Dror Y. Kenett, Matthias Raddant, Thomas Lux and Ben-Jacob, Eshel

No 1739, Kiel Working Papers from Kiel Institute for the World Economy (IfW)

Abstract: In the current era of strong worldwide market couplings the global financial village became highly prone to systemic collapses, events that can rapidly sweep through out the entire village. Here we present a new methodology to assess and quantify inter-market relations. The approach is based on the correlations between the market index, the index volatility, the market Index Cohesive Force and the meta-correlations (correlations between the intra-correlations.) We investigated the relations between six important world markets - U.S., U.K., Germany, Japan, China and India from January 2000 until December 2010. We found that while the developed western'' markets (U.S., U.K., Germany), are highly correlated, the interdependencies between these markets and the developing eastern'' markets (India and China) are very volatile and with noticeable maxima at times of global world events (2001: 9/11-attacks, 2003: Iraq war, SARS, etc). The Japanese market switches identity'' - it switches between periods of high meta-correlations with the western'' markets and periods that it behaves more similar to the eastern'' markets.

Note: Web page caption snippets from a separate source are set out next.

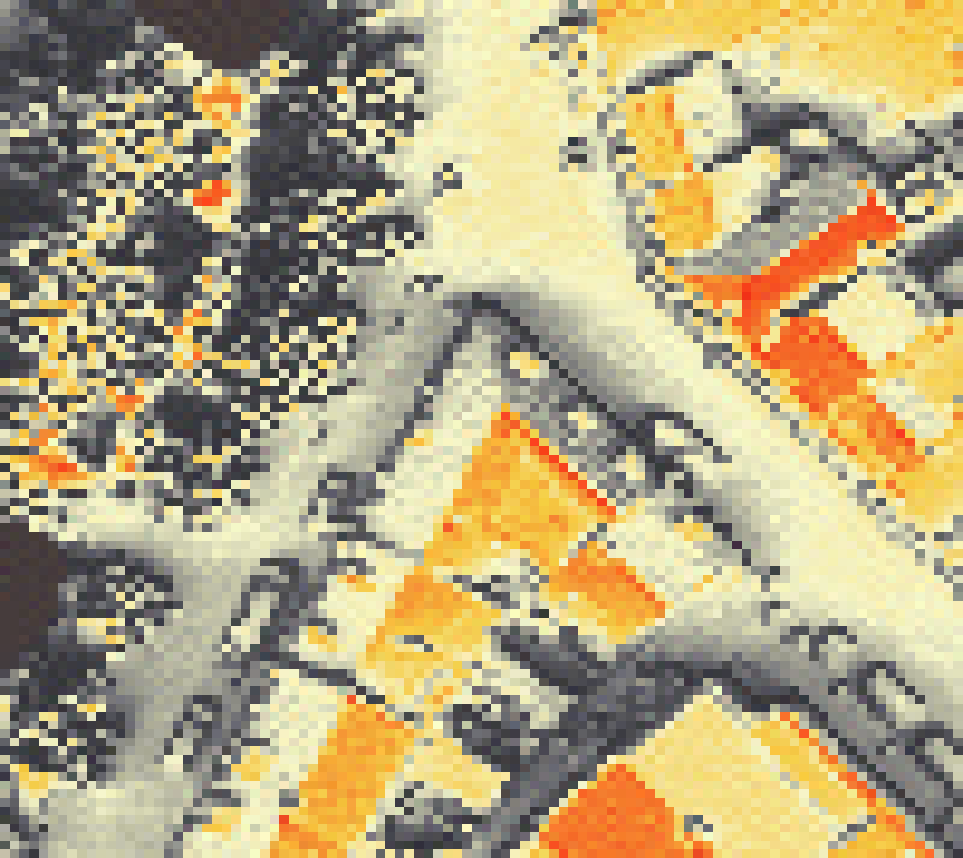 PV-irradiatie op daksegment met intensiteitsverdeling van zonlicht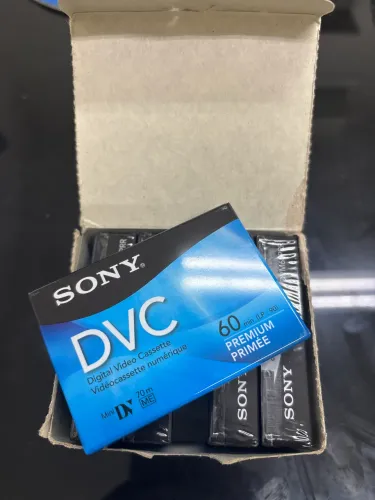 Fita Mini Dv Sony 5 unidades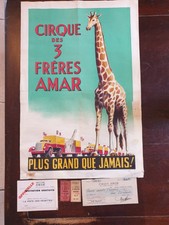 Affiche cirque originale - affiche,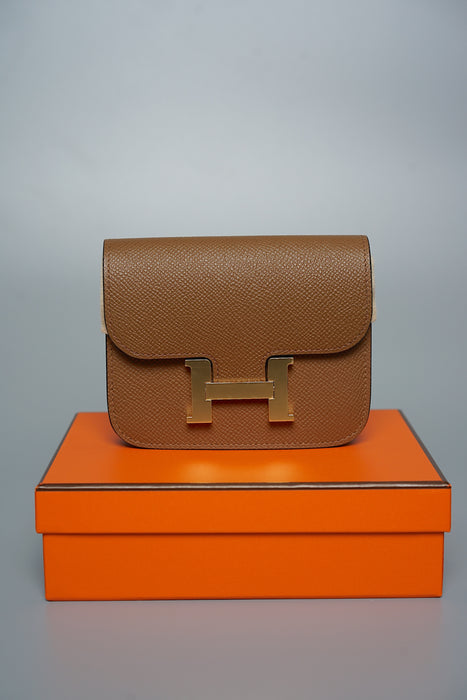 Hermes Constance Slim in Alezan Ghw (Brand New)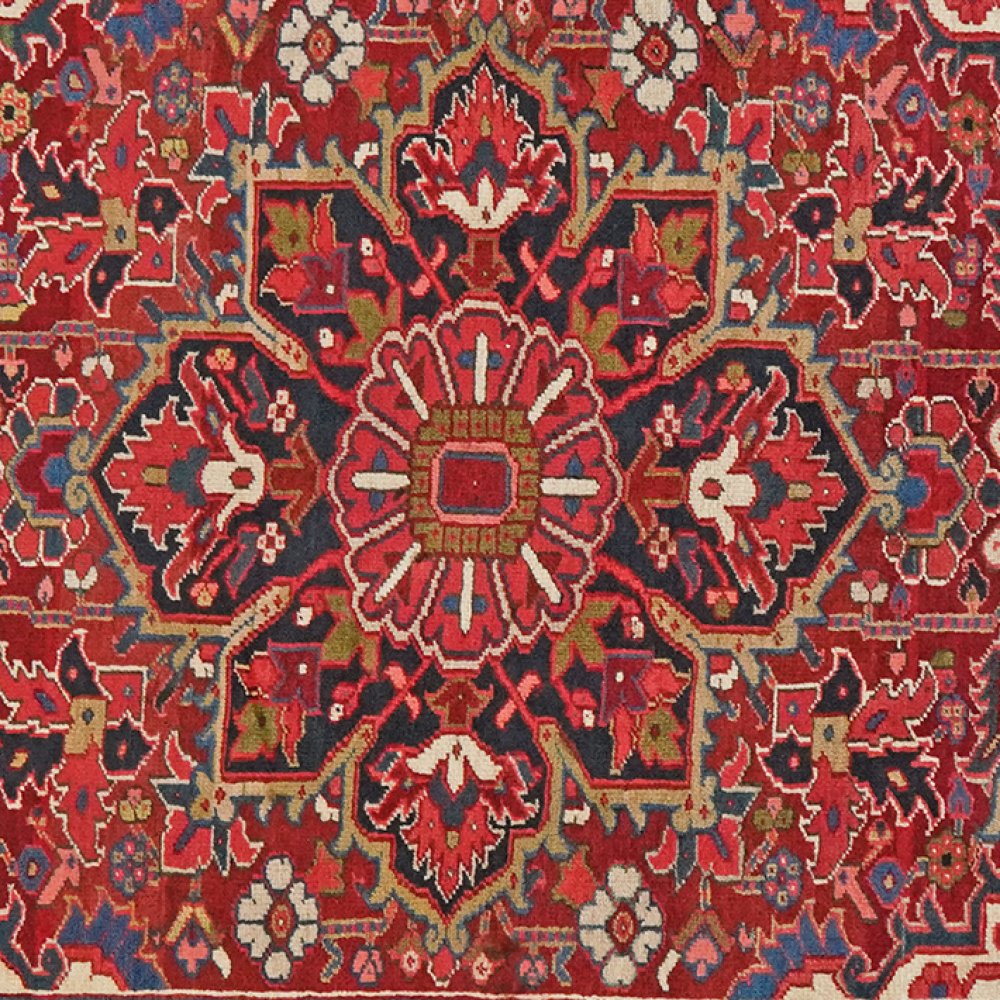 Heriz — Hand-knotted, 145x194 cm, Red, 100% Virgin Wool | View 4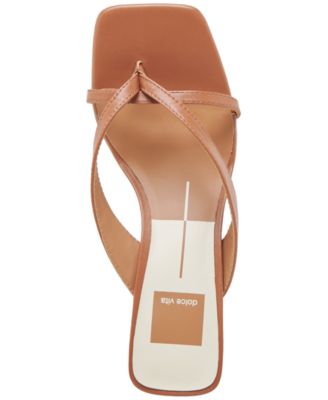 Women's Brevel Thong Low Block Heel Dress Sandals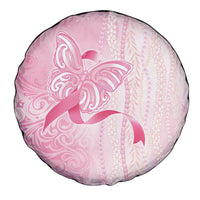 Breast Cancer Awareness Spare Tire Cover Maile Pikake Lokelani Crown Flower Lei Inspired LT9 - Polynesian Pride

These and additional reported findings illustrate that the methodological framework provides a way to quantify the evolvement of interdependencies in the global market, to evaluate a world financial network and quantify changes in the world inter market relations. Such changes can be used as precursors to the agitation of the global financial village. Hence, the new approach can help to develop a sensitive financial seismograph'' to detect early signs of global financial crises so they can be treated before developed into world wide events.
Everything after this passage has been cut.